On-time delivery performance jumped from 84% to 96%. The improvement came from two sources: optimized routes that accounted for service times and delivery windows, and the elimination of sequence errors that occurred when drivers ran from memory. Customers who had experienced inconsistent delivery times for years noticed the change. Three previously canceled customers, including one of the accounts lost during Driver #8’s departure, returned after hearing from other businesses that CrispLinen’s service had improved.

Performance Metrics

MetricsBefore UpperAfter Upper
Annual fuel costs$288,000$216,000 ($72K savings)
On-time delivery rate84%96%
Customer losses during driver transitions3 in one incidentZero
New driver readiness2-3 weeks (ride-alongs + training)Day one (app + stop notes)
Route documentationNone (driver memory only)Full stop notes, recurring templates
Driver territorial overlapExtensive (drivers crossing paths daily)Eliminated (5 geographic zones)
Canceled customers recoveredN/A3 returned

New driver onboarding became a non-event. CrispLinen hired four new drivers over the following year. Each completed a half-day orientation covering the Upper app, vehicle procedures, and customer service expectations. On their second day, they ran a full route solo using Upper’s app and stop notes.
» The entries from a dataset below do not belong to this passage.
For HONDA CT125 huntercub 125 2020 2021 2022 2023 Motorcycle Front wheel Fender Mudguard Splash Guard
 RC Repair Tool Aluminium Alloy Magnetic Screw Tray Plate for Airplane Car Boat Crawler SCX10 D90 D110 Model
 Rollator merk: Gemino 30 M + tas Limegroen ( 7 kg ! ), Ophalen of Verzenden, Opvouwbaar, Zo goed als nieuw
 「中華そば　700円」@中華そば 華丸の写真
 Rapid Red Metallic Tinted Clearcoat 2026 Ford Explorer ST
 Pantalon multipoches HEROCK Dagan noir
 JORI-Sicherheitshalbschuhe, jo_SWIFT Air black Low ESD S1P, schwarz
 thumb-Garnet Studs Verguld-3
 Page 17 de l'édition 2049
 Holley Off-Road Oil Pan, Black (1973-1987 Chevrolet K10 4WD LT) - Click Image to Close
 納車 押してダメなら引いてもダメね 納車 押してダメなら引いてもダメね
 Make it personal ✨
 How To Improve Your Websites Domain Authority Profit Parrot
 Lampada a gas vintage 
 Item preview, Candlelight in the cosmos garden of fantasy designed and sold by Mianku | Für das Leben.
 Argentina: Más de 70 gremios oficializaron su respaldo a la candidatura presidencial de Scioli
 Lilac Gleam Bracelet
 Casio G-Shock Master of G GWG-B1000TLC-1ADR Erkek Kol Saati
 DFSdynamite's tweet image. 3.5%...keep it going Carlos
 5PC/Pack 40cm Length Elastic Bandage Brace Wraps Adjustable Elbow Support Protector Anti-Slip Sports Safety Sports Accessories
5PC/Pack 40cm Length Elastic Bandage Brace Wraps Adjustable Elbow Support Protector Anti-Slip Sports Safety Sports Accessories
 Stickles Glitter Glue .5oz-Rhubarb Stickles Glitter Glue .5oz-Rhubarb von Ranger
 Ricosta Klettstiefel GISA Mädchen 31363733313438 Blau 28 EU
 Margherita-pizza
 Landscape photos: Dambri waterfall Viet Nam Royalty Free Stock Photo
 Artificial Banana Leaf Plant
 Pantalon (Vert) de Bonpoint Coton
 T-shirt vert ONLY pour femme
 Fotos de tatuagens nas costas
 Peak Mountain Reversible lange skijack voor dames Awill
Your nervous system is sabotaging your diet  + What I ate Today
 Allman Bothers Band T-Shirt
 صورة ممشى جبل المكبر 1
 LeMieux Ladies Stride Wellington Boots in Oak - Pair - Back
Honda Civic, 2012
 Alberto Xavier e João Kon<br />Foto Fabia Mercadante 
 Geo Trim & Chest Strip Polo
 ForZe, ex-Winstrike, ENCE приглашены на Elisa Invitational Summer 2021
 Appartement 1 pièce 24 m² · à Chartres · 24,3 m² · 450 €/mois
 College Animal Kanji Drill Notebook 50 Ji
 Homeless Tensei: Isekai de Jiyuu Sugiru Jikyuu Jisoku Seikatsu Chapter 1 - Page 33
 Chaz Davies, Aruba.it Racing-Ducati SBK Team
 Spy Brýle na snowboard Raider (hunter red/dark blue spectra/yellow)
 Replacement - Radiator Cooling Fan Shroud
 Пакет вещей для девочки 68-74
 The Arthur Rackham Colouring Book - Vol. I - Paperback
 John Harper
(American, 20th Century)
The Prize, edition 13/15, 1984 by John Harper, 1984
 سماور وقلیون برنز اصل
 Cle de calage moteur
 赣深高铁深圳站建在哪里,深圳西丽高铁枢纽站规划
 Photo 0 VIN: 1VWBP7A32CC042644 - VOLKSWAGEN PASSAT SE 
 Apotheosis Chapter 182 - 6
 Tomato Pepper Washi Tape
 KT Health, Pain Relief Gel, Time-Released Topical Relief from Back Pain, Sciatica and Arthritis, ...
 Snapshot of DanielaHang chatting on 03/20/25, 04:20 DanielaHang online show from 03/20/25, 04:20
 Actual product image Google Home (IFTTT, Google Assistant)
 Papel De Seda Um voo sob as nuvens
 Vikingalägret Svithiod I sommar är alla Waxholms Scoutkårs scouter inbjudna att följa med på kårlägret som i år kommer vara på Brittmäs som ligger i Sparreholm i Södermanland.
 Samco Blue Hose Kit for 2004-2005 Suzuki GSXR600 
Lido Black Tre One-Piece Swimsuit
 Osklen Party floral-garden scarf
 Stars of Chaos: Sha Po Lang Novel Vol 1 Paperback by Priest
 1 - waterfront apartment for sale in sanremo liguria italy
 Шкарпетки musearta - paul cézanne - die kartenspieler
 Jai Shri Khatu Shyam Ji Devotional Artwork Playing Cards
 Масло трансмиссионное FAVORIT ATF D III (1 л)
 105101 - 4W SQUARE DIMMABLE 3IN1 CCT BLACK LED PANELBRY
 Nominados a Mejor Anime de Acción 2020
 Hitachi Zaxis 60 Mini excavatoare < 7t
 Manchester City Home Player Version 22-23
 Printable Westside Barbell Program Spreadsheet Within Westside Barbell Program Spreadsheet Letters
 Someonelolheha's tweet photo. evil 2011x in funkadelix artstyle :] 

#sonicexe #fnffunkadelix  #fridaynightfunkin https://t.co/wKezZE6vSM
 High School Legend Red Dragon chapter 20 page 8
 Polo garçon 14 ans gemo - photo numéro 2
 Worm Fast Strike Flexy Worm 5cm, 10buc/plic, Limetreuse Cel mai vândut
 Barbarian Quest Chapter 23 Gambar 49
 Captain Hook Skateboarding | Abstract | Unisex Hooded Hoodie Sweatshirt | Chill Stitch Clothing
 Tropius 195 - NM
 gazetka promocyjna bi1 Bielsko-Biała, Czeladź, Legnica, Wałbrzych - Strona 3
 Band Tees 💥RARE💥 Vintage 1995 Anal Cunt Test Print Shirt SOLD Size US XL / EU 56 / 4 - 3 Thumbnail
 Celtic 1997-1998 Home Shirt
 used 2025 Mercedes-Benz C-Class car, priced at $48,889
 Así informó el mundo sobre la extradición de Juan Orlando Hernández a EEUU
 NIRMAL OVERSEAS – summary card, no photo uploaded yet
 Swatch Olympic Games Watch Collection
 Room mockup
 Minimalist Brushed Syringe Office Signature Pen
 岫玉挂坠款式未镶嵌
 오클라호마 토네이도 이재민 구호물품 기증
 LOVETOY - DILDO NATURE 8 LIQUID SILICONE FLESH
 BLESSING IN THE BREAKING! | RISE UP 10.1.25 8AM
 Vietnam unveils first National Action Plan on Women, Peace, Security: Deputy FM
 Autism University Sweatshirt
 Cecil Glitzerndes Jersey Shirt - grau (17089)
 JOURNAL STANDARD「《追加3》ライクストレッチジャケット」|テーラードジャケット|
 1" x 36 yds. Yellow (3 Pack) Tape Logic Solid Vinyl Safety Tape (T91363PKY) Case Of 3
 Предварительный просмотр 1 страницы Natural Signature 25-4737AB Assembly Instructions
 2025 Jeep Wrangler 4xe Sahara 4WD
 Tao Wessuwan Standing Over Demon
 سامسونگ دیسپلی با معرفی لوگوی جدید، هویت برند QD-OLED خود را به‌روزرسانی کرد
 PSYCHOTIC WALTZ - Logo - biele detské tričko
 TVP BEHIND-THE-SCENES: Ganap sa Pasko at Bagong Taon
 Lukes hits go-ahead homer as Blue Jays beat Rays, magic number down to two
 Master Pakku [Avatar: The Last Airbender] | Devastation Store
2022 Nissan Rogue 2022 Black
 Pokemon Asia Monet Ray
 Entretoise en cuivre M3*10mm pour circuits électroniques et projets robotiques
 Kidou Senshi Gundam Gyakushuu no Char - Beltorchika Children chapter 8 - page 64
None required a ride-along. The longest any new driver took to reach full proficiency was three days, compared to the previous 2 to 3 weeks.

Nathan restructured his own role as well. Before Upper, he spent most of his day managing route emergencies: covering for absent drivers, resolving delivery disputes, and fielding customer complaints about timing. After the rebuild, his focus shifted to account growth and service quality. He used Upper’s data to identify underperforming routes, optimize zone boundaries as new accounts were added, and prepare accurate bids for prospective clients using real route and time data.

CrispLinen now operates a delivery system that is resilient to the one thing every service business faces eventually: people leaving. Routes are documented, optimized, and transferable. The knowledge that used to walk out the door with every departing driver now stays in the system, accessible to whoever runs the route next.


We used to be one resignation away from chaos. Now we’re a route management company that happens to deliver linens. The routes run the business. The drivers execute. And when someone leaves, the route stays.